Walter Gropius (Berlín, 1883-Boston, 1969) fue un nefasto delineante. Apenas sabía trazar las líneas para dibujar un edificio. Sin embargo, sí sabía cómo debía ser esa construcción, qué materiales se tenían que utilizar y qué impronta debía dejar en el terreno. Las palabras arte, estética, forma y belleza debían ser sus pilares. Incluso aunque fuera un “anodino” edificio de viviendas para la clase media. Y con estos parámetros fundó hace ahora cien años la escuela de la Bauhaus en Weimar (Alemania). Como varias décadas después hizo Steve Jobs con los ordenadores -la labor de la informática se la dejó a su socio de Apple, Steve Wozniak- la genialidad del arquitecto alemán estaba en la idea del diseño. Y hasta hoy: ni siquiera Ikea, fundada en 1943, se entendería sin Gropius.

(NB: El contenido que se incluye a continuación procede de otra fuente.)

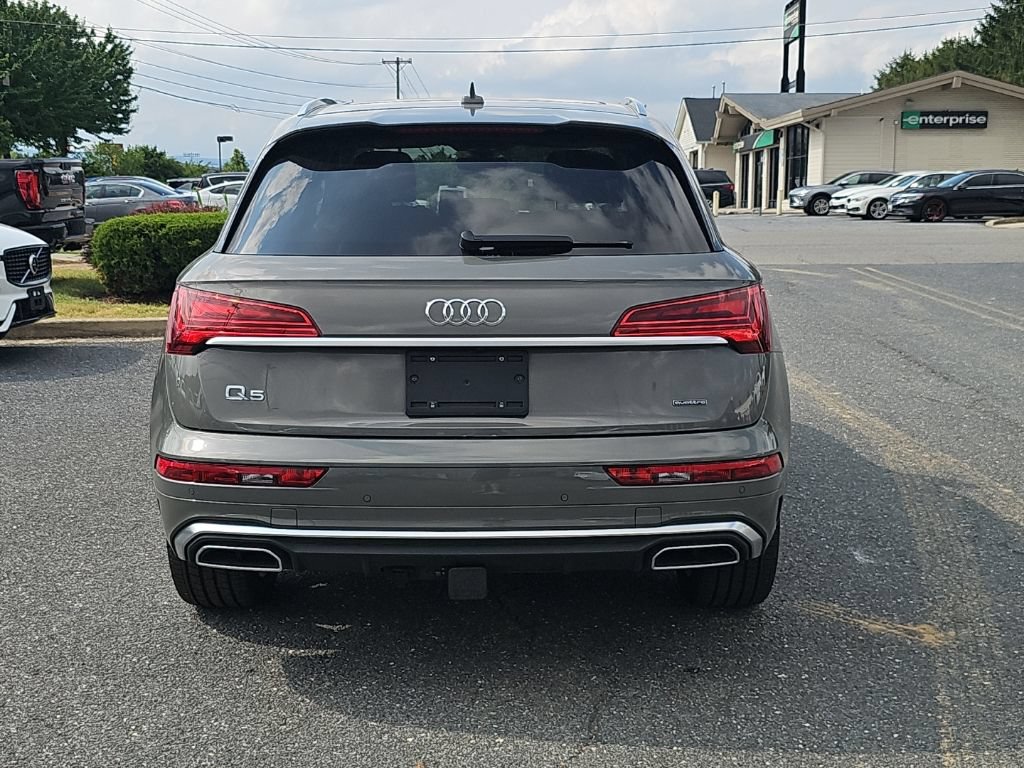 Certified 2023 Audi Q5 2.0T Prestige w/ Prestige Package AWD/4WD image 14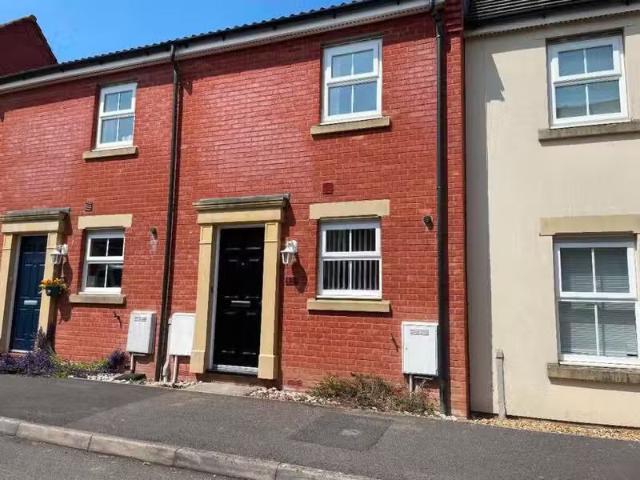 Unique 1 BA 2 bedroom terraced house for rent in Walmesley Cha.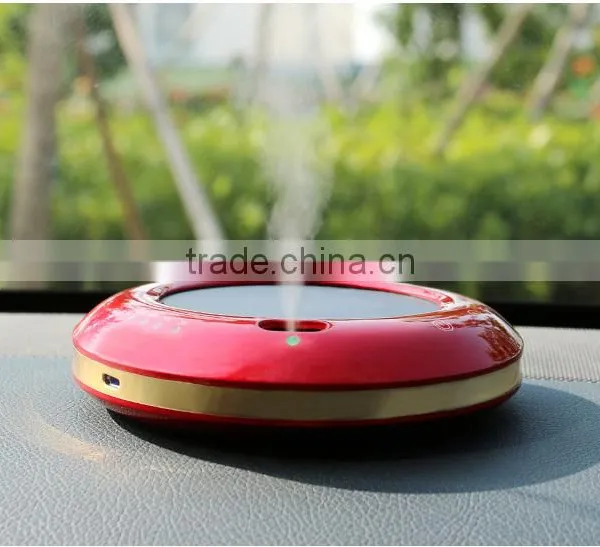 China Manufacture Auto Air Purifier Car Air Freshener Wholesale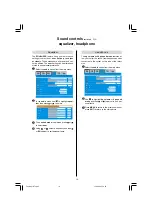 Preview for 16 page of Toshiba 27WLT56B Owner'S Manual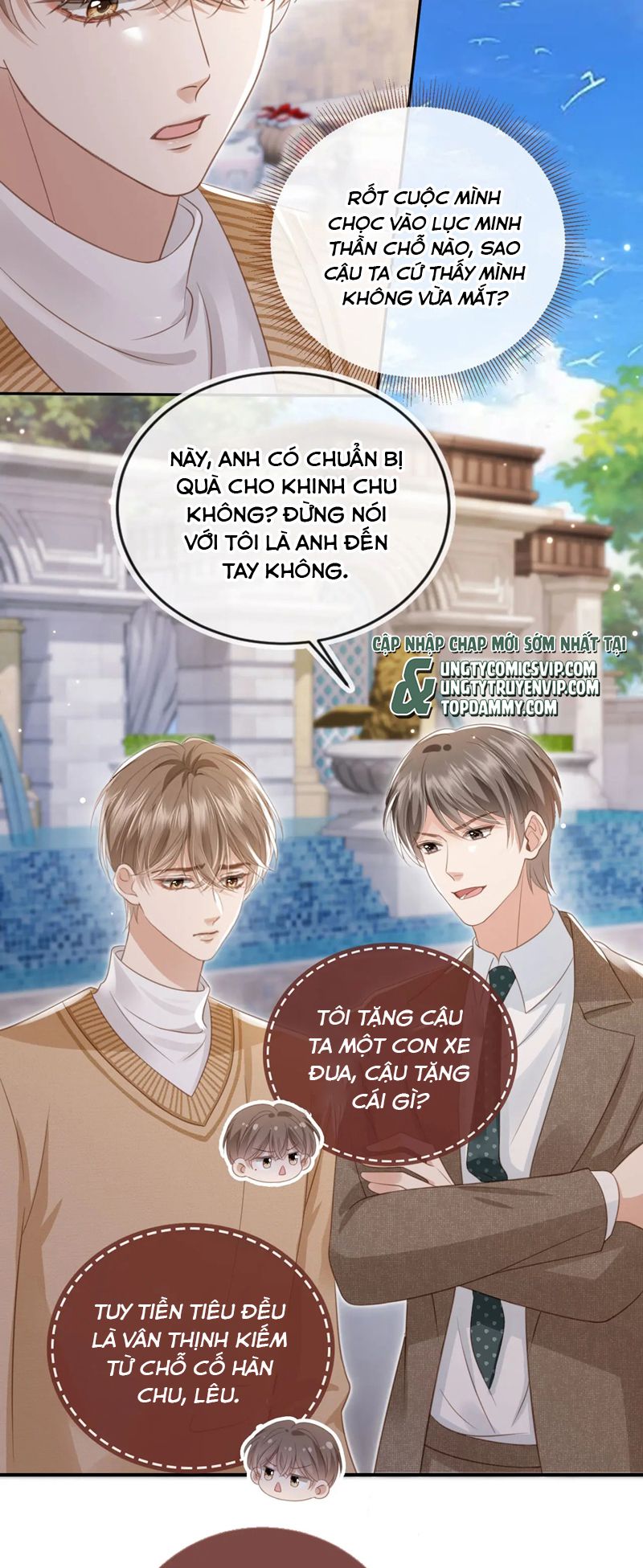 Bạch Nguyệt Quang Hắn Yêu Thế Thân Rồi Sao?!: Chapter 20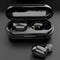 Mini TWS Bluetooth 5.0 Wireless HiFi In-Ear Earphones Earbuds w/ Charging Box Ef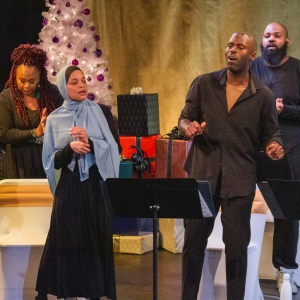Celebrate The Season With Theatre Horizon's Holiday Gospel Concert Video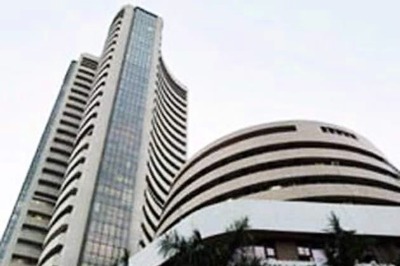 Sensex reclaims 21,000 mark, logs best monthly gain since October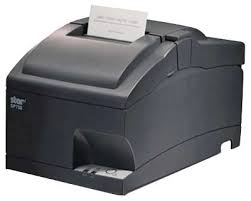 Star Micronics SP742ME + LAN - Dot Matrix Kitchen / Cashier Printer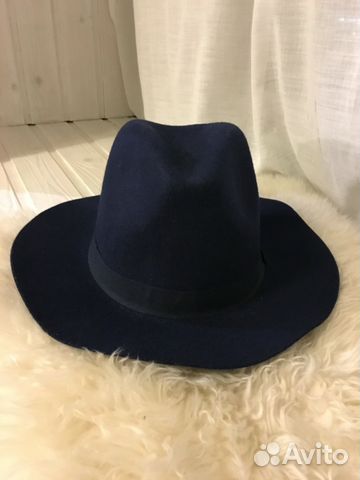Шляпа новая 100 шерсть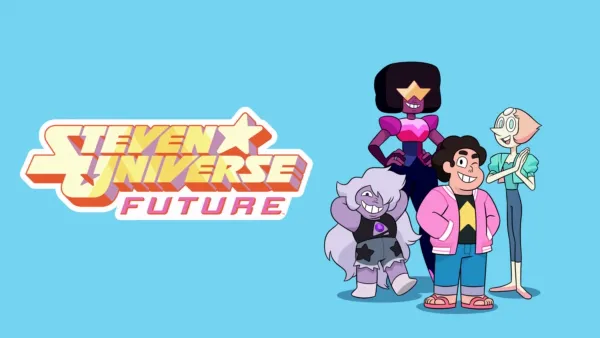 thumbnail - Steven Universe: Future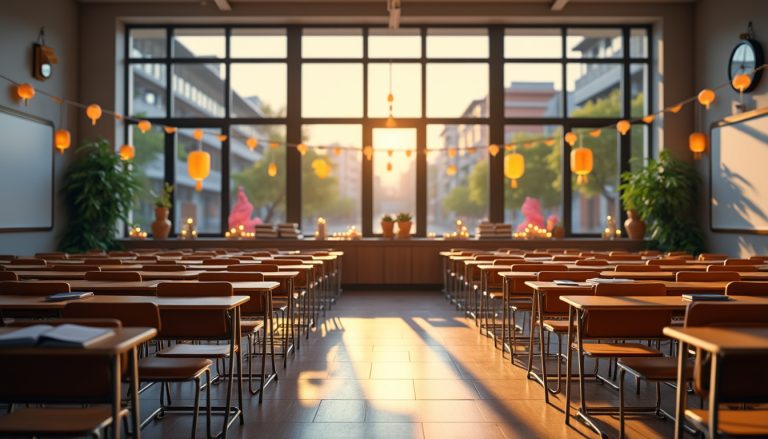 Absence pour fête Religieuse école 2026 : à voir et à faire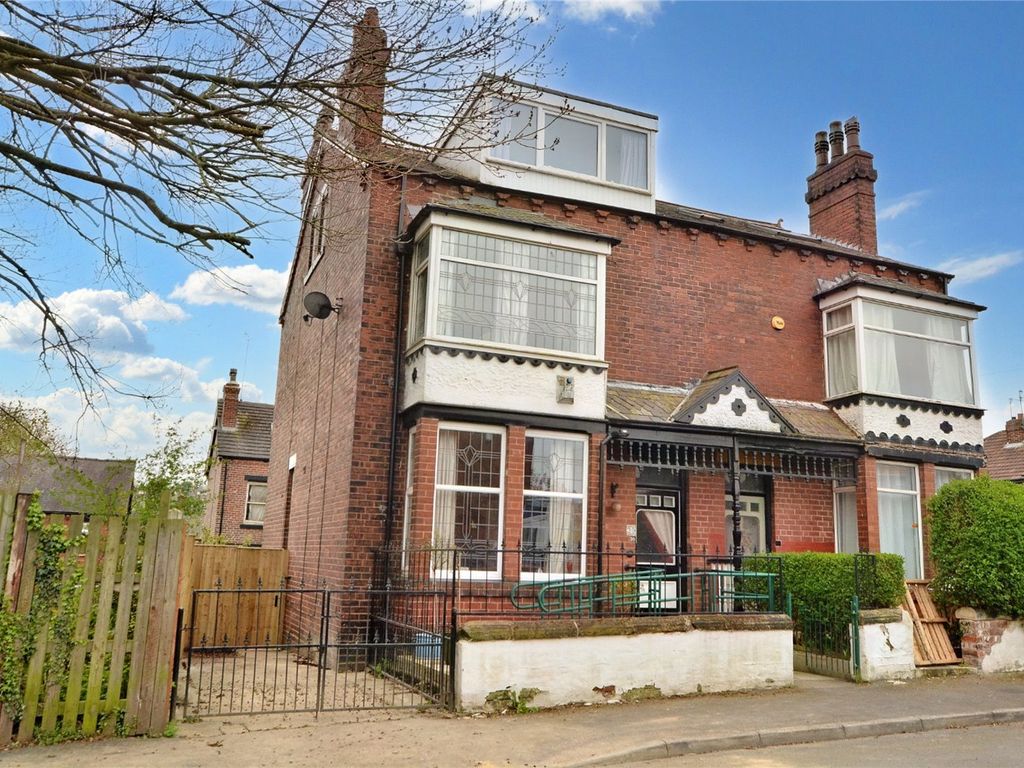 4 bed semidetached house for sale in Abbey Avenue, Kirkstall, Leeds LS5 Zoopla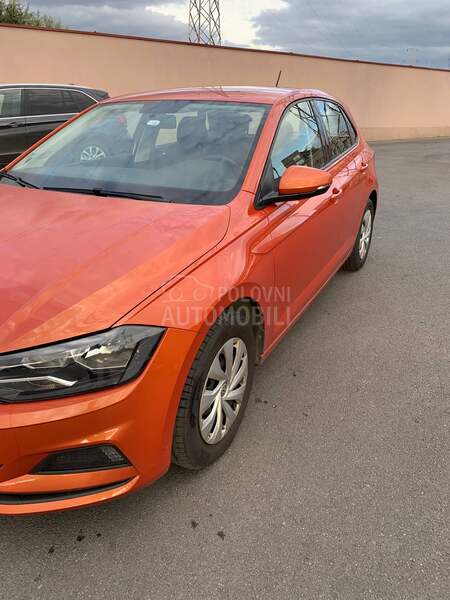 Volkswagen Polo Prime 1.0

Esta es una de las imágenes que Fiona MacCarthy, periodista especializada en diseño y arquitectura, desliza sobre el arquitecto en la vasta biografía La vida del fundador de la Bauhaus, publicada en español por Turner. Es un recorrido por sus creaciones, pero también describe bastante su vida personal, que transcurrió durante casi el siglo XX en Alemania, Inglaterra y EEUU. La intelectualidad, la ideología, la guerra, el despegue económico en Occidente tras la Segunda Guerra Mundial. Todo ello en casi 600 páginas que recuerdan momentos de felicidad y ebullición creativa -los primeros años veinte- el temor nazi -desde los inicios de los años treinta- y el reconocimiento final a una de las figuras que ha marcado la arquitectura mundial -desde los años cincuenta hasta su muerte.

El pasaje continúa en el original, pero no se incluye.